WRISC won a grant to “Slow the Spread: Earthworm Education for Anglers.”  Earthworms, you see, are not native to the Great Lakes area. Settlers brought the earthworms with them and there are now some 15 different species crawling under the hardwood forest, which is not supposed to have worms. They are an invasive species. WRISC writes “researchers have document dramatic changes in native hardwood ecosystems when exotic earthworms invade, including losses of naive understory plants and tree seedlings, changes in soil structure, and declines in nutrient availability.

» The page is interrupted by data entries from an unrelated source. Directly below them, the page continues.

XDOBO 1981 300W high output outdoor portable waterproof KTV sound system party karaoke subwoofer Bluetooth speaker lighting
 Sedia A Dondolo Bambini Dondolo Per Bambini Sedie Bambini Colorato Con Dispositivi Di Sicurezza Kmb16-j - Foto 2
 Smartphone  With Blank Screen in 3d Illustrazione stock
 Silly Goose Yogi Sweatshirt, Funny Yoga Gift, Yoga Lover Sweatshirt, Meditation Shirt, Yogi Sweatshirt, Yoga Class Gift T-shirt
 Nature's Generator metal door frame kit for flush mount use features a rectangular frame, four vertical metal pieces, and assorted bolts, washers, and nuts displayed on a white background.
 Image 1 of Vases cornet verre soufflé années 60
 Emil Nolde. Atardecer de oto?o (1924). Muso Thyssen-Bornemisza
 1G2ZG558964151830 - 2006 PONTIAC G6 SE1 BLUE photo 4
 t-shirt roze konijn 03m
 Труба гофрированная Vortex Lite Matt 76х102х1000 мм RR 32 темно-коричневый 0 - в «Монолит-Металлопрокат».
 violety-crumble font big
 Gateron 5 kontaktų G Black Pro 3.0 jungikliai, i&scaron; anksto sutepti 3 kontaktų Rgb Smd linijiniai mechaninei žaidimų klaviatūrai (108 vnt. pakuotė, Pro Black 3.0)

These changes affect small mammal, bird and amphibian populations, increase the impact of white-tailed deer, and facilitate invasion of exotic plants like buckthorn and garlic mustard.” Should you want to help protect the environment from these underground invaders you can join the Worm Watch by clicking here.  Or, you can read an article about preparing Earthworms to eat.

{ 4 comments… add one }
  • Cyndi February 27, 2013, 9:49 am

    Interesting article on the aquatic hydrilla. recently I have been extremely curious of edible aquarium plants, their identification and the water source they live in. I read that Tilapia are a plant eating fish, used to control a number of “water weeds”, however, they do not do well when the temperatures drop. Could you share more information concerning edible aquatic plants? Also, I was educated many years ago, that cattail (Typha latifolia) can purify most waters where it grows. I wonder if cattail would indirectly inhibit the aquatic plants that require murky, contaminated waters, simply by cleaning the habitat?
    Also, I learned that crawfish help the cattails clean up contamination, as well as consume invertebrates, such as mosquito larva, earthworms, and a variety of bacteria that infect fish.
    Any further information would be appreciated.
    Thank you for taking this time to share your information.

    Reply
  • farouk March 1, 2013, 2:32 am

    Sir, what have we done to receive from below and above punishment from Mother Nature: earthworms underground invaders (though some claim they increase fertility in some soils -e.g. Nile clay where citrous fruits are grown ) and here in north of my country Sudan, air invaders – swarms of desert locusts coming from north east (the unpoisoned ones are edible when fried ). Look at the late snow storm of West Texas and the hundreds of tumbleweeds against a Midland home blocking some doorways . What about the meteor attack on Russian ground?! However Mother Nature still loves us as long as we keep our promise to love Her. Hence thank you ,Prof Daniel and his team for the inf. on the harmony and mutual benefit of flowers and bees; how their “flapping wings” end in “honying” us.Also thankful for reminding of the happy times of youth using earhworms and angling for fish near Jebel Awlia dam (on the White Nile south of the capital Khartoum . Apart of a fishing sight it is now used to trap the Hyacinth plant from crossing northwards ). Lastly, how lovely to “listen to the “Gash river breeze whisiling through the needle-like branches of the Australian Pine (Casuarina equisetifolia) ” I have now known why we couldn’t have found the lovely beetle “kudondar” -native for Ampidus sanguineus (we used to play with joyfully when under teenagers )on that tree while it had been easier to obtain from an Acashia tree type having more nourishing leaves. Gash is a seasonal river that crosses Kasala town boardering Eriteria .

    Reply
  • johanna March 1, 2013, 3:37 am

    love the bee research on the negatively charged fields emitted by the flowers.
    one wonders if and how, cell phone and wireless fields and other EMF technological fields might interfere or interact with these natural charges…

    Reply
    • Mary Meyer March 11, 2013, 7:52 pm

      I’m with you. I loved the electrically charged bees and flowers. How magic does it get. I also found the earthworm item interesting although, I think I’d eat a bug before a worm.